## WORK INSTRUCTION
Take from the entries below the stretch from the line with "Черная изогнутая насадка" through the line with "Müşteri ifadelerinin doldurulmuş", and return it exactly, leaving the pictures out.
** Opening DATA UNDER STUDY block **
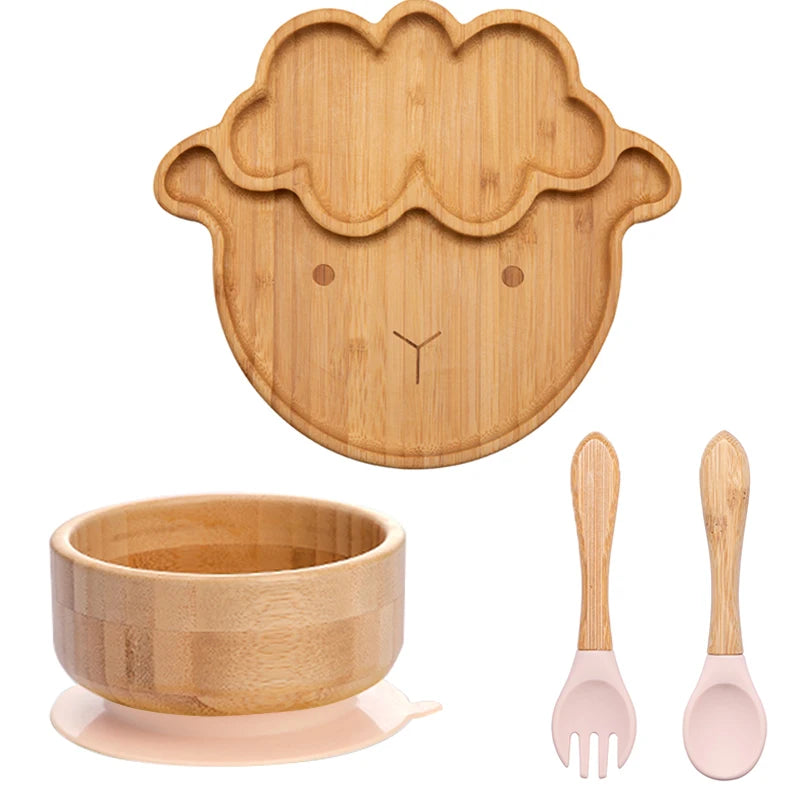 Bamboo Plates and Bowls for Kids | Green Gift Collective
** Closing DATA UNDER STUDY block **
** Opening DATA UNDER STUDY block **
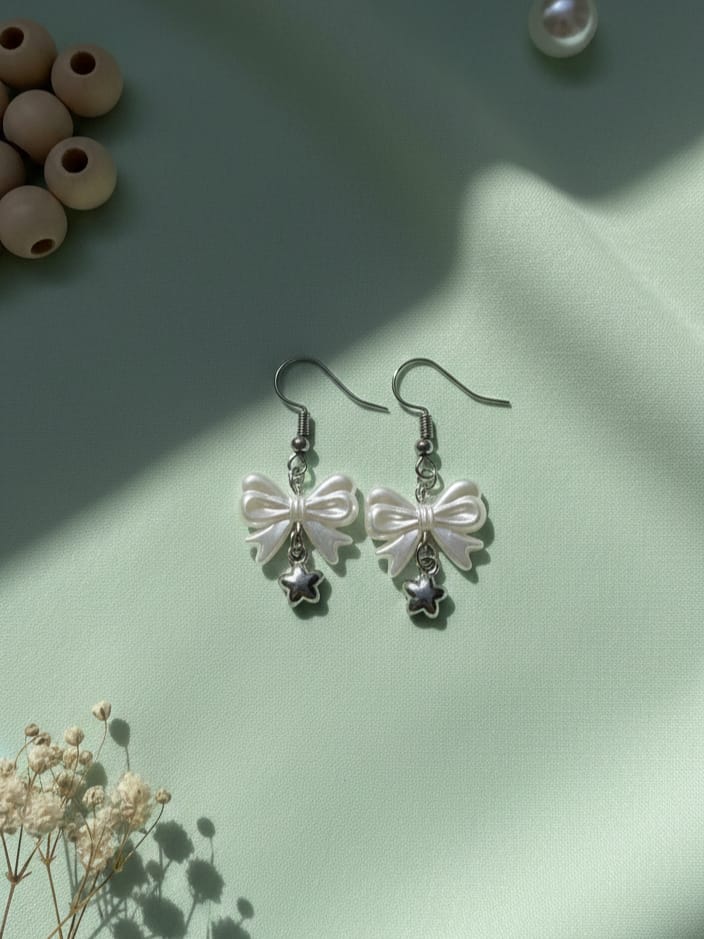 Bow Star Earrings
** Closing DATA UNDER STUDY block **
** Opening DATA UNDER STUDY block **
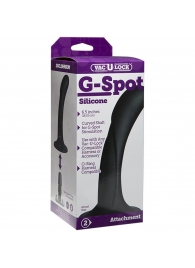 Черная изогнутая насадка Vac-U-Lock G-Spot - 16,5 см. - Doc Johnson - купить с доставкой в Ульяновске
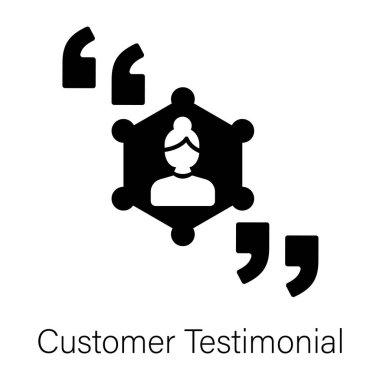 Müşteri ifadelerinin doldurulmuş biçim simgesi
** Closing DATA UNDER STUDY block **
## WORKED SOLUTION
 Черная изогнутая насадка Vac-U-Lock G-Spot - 16,5 см. - Doc Johnson - купить с доставкой в Ульяновске
 Müşteri ifadelerinin doldurulmuş biçim simgesi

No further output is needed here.